The role not only became the longest-running of his career, but his serendipitous casting introduced him to his beloved wife, Susan Seaforth Hayes, his longtime DAYS leading lady. As the actor put it to Digest in 2018, “Everybody in the country watched Bill and Susan fall in love and Doug and Julie fall in love all at the same time.” But it wasn’t all smooth sailing. He told Digest in 2018, “What I had to go through post-divorce was anger. I just didn’t want to have a relationship. It was just too hard on me that way. I divorced in 1969 and Susan and I married in ’74. If I’d been normally free in my mind, it would’ve happened a lot quicker but I was not ready. In 1974, my youngest daughter graduated from high school and that was the end of a certain responsibility on my part. My parents celebrated 50 years of marriage and that was an affirmation of relationship and marriage. I took my kids for four weeks to London and that was a family experience that was just fabulous. Those three things put together finally released me from this, ‘I don’t want a relationship. I don’t want to hear about it or talk about it or feel it or anything.’ Suddenly, all that went away and I remember saying to Susan, ‘How about a week from Saturday?’ and she said, ‘Good for me!’ I put on my cowboy hat and my cowboy boots and went over to [the home of] Susan’s mother, and I got down on one knee and I said, ‘I would like to have the hand of your daughter.’ She said, ‘Nope! You have to take the whole girl.’ ” The couple wed at home in front of 16 people. “Two years later, Doug and Julie married and they used exactly the same words that we used in our living room,” Hayes recalled fondly.

DAYS

In 1976, the same year their characters tied the knot, the Hayeses appeared together on the cover of Time magazine.

Hayes exited DAYS in 1984, then returned from 1986-87 and 1993-94. After a 1996, he came back from 1999-2003, and returned permanently in 2004. In 2018, along with his wife, Hayes was awarded the Lifetime Achievement Award at the Daytime Emmys.

Hayes

JPI

The Hayeses posed in 2018 with their Lifetime Achievement Daytime Emmys.

Reflecting on his life to Digest in 2017, Hayes noted, “I’ve had quite a varied career, which started in one direction for a long time and then suddenly stopped and started in another direction. I’m very proud of it. I was on YOUR SHOW OF SHOWS, which was one of the best television series of all time. I played on Broadway. I have a hit record. I’ve been on DAYS OF OUR LIVES all these years. I’ve done wonderful things in my career, but what I’m happiest about is my family. I have four children left, I have 12 grandchildren, I have 24 great-grandchildren and that’s my treasure.”

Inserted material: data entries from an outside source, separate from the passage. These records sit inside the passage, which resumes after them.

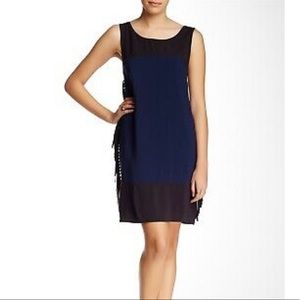Ella Moss fringe Shift Dress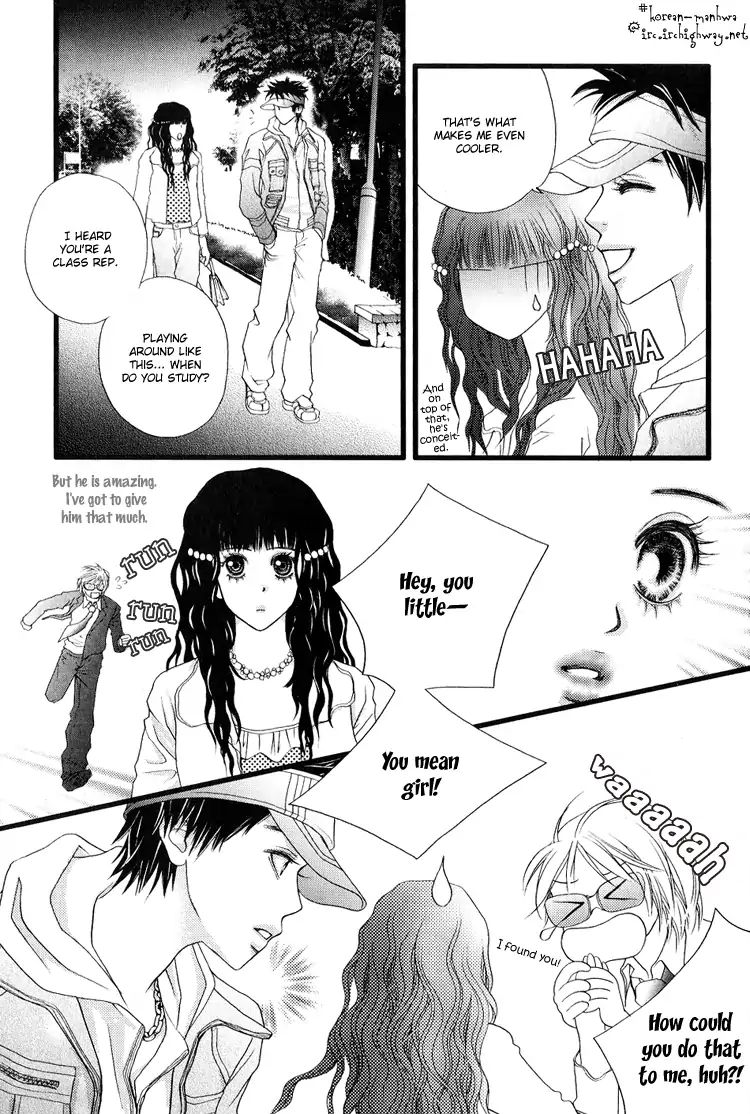 My Girl - Vol.1 Chapter 4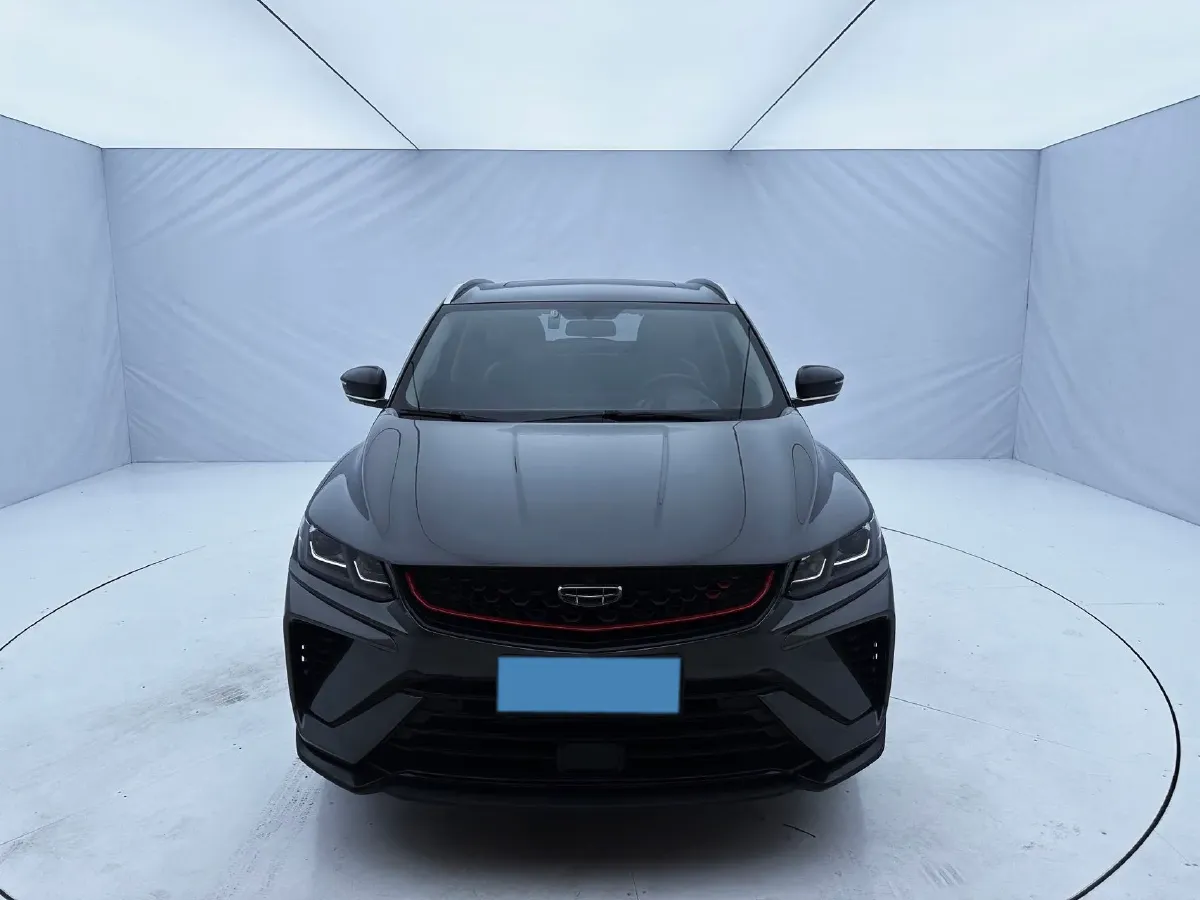 2021 Geely Coolray 1.4T 141HP L4 6DCT,autocango,china used car exporter,china ev exporter,chinese used car exporter,chinese used ev exporter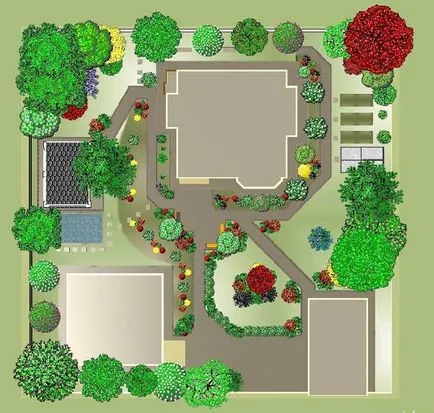 Parkosítás 15 hektáros területen, ötletek, gondolatok, képek, és a projektek (rész) Parkosítás 15 hektáros területen, ötletek, gondolatok, képek és minták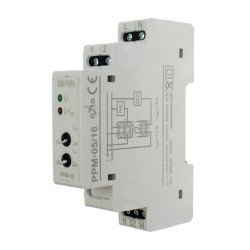 Przekaźnik priorytetowy PPM-05/16 230V AC ZAMEL
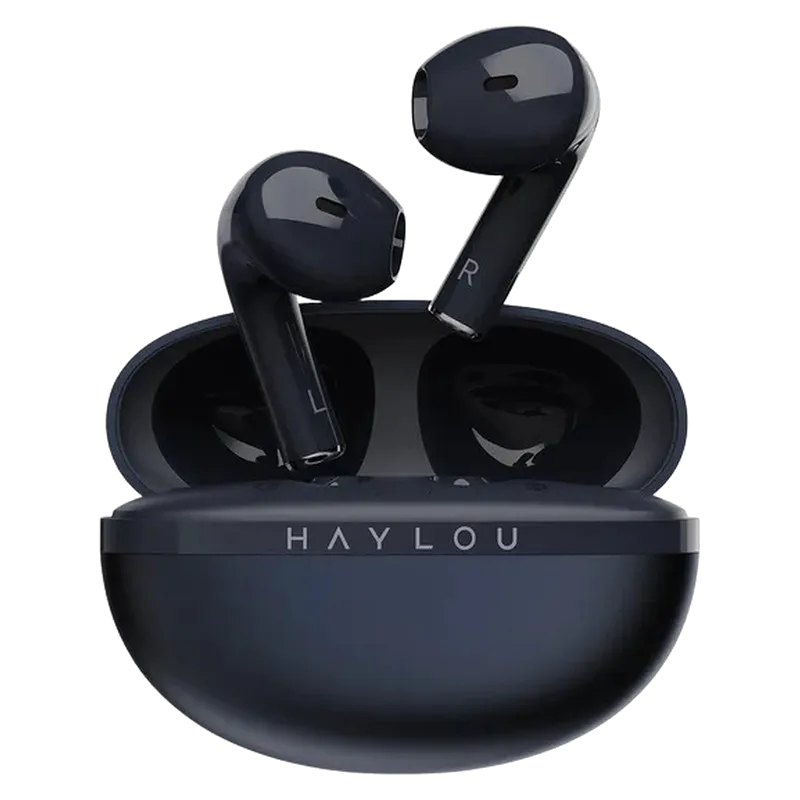 هدفون بلوتوثی هایلو مدل X1 بدون قابلیت نویز کنسلینگ، درگاه شارژ USB Type-C، مقاوم در برابر رطوبت و عرق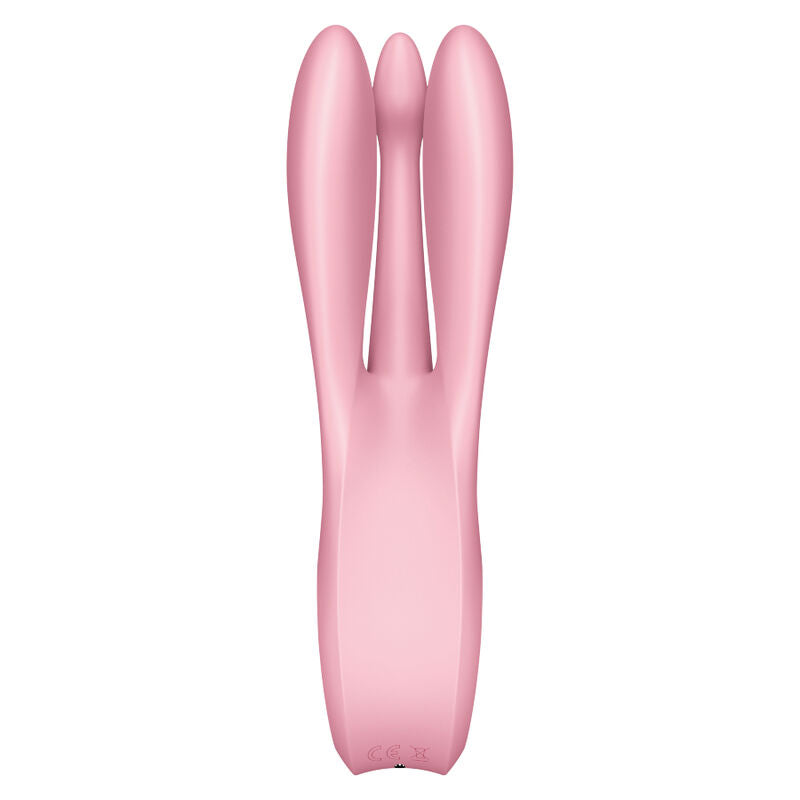Threesome Vibrator 1 Blue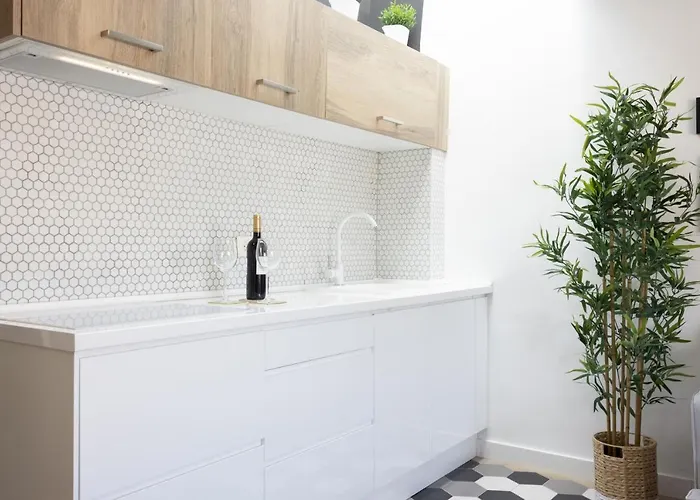 Home2book Vintage American Deluxe Apartmán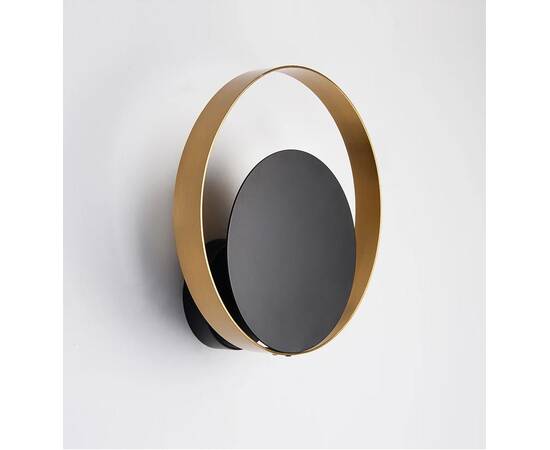 Настенный светильник DeLight Collection Wall lamp MT8829-D bronze/black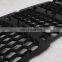 4*4 Front Mesh Grille for Jeep Grand Cherokee 11+ Car Accessories Black Steel Mesh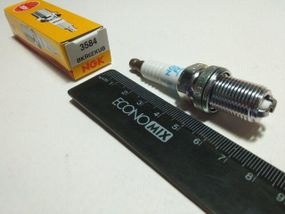 Свічка запалювання NGK BKR6EKUB/3584 AUDI (101000035HJ)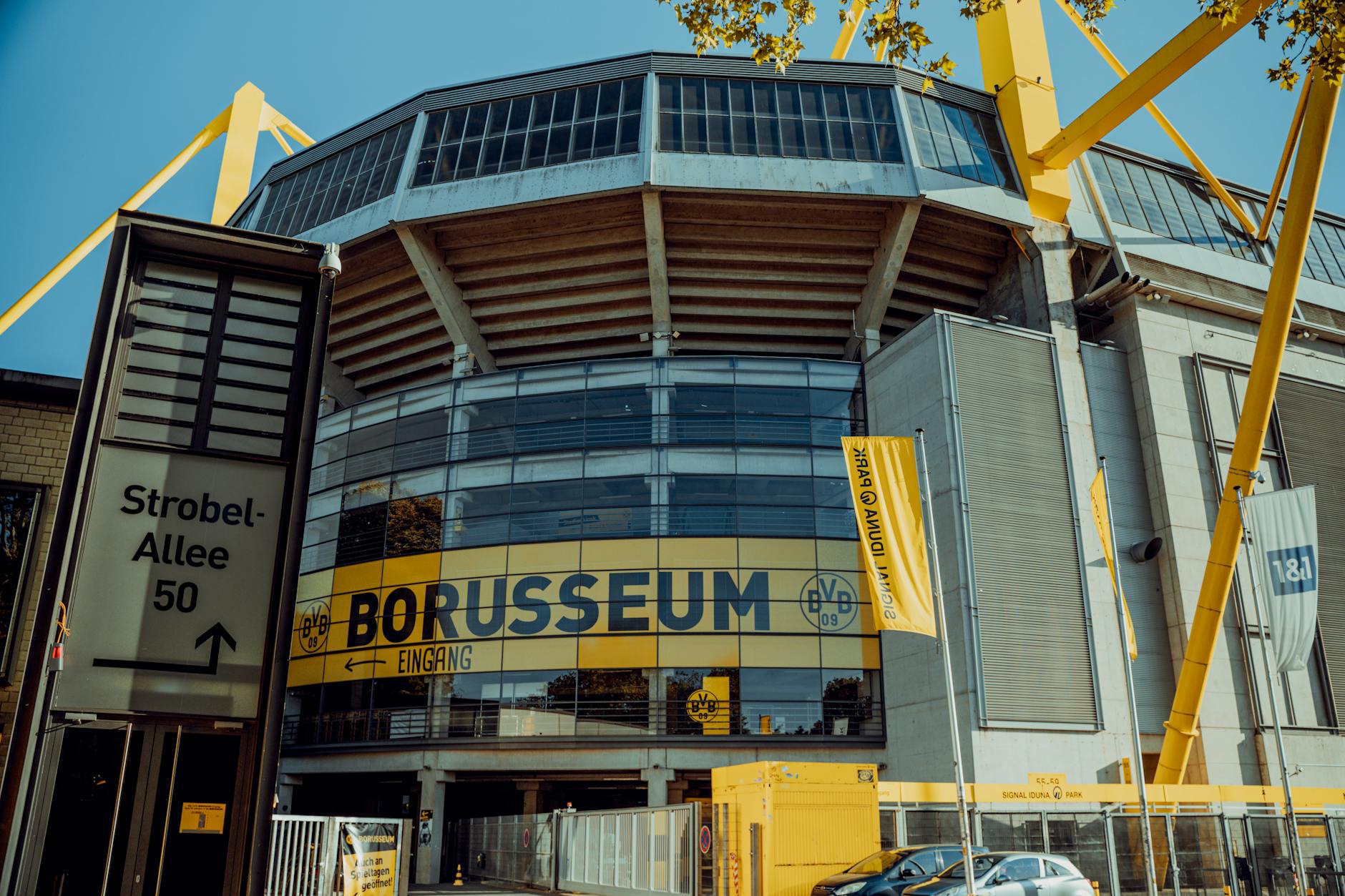 Detailansicht: Dortmund – Augsburg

In a statement, DAYS Executive Producer Ken Corday said, “I have known Bill for most of my life and he embodied the heart and soul of Days of our Lives. Although we are grieving and will miss him, Bill’s indelible legacy will live on in our hearts and the stories we tell, both on and off the screen.”

We send our deepest condolences to Hayes’s family, friends, and colleagues.